Where a picture occurs in the data, omit it, and copy all remaining data exactly.

# Supplied data
○ ○ ○ ○

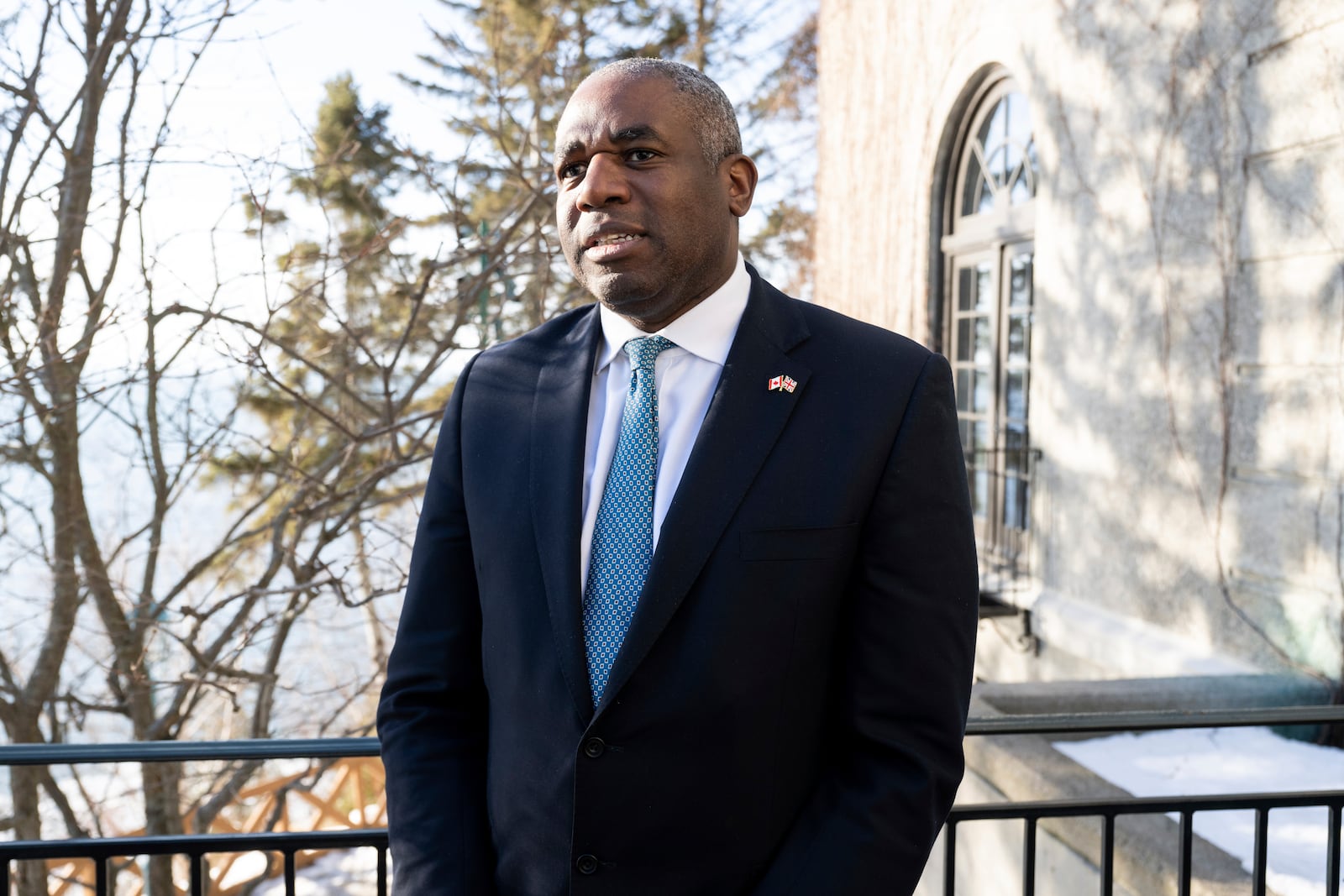 British Foreign Secretary David Lammy speaks during an interview on the sidelines of the G7 foreign ministers meeting in La Malbaie, Canada, Friday March 14, 2025. (Saul Loeb, Pool Photo via AP)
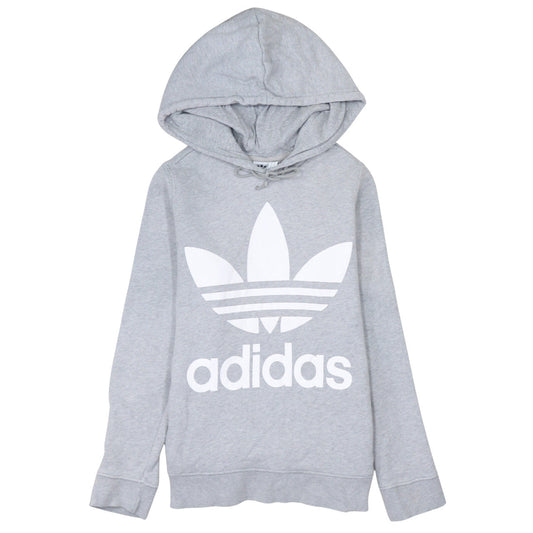 Adidas Women's Grey Pullover Hoodie UK 14 Long Sleeve Logo Sweatshirt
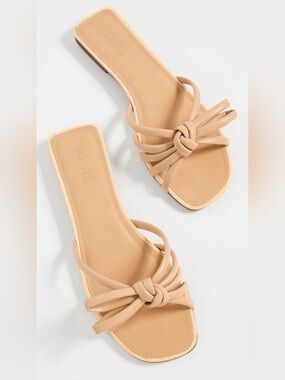 Schutz Blossom Flat Sandals Nude Knot Slide Size 8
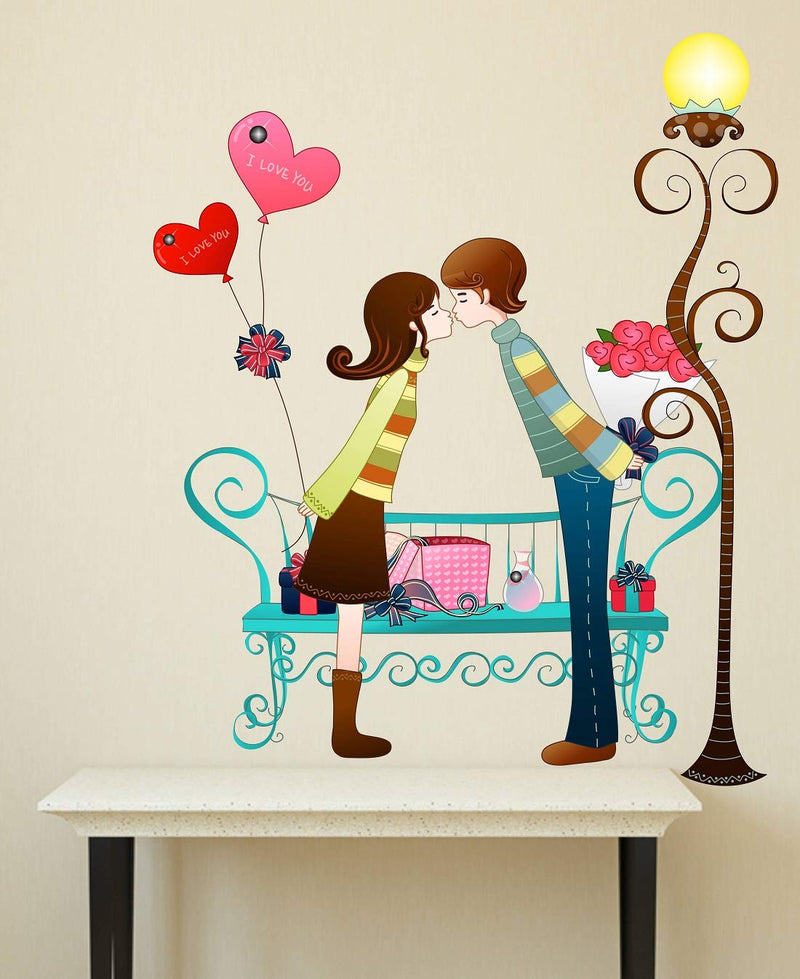 Tuffuk Love Couple Large Vinyl Wallstickers for Home Decorations(60 cm x 70 cm)5TZ059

○ ○ ○ ○

# Exercise answer
 British Foreign Secretary David Lammy speaks during an interview on the sidelines of the G7 foreign ministers meeting in La Malbaie, Canada, Friday March 14, 2025. (Saul Loeb, Pool Photo via AP)
 Adidas Women's Grey Pullover Hoodie UK 14 Long Sleeve Logo Sweatshirt
 Schutz Blossom Flat Sandals Nude Knot Slide Size 8
 Tuffuk Love Couple Large Vinyl Wallstickers for Home Decorations(60 cm x 70 cm)5TZ059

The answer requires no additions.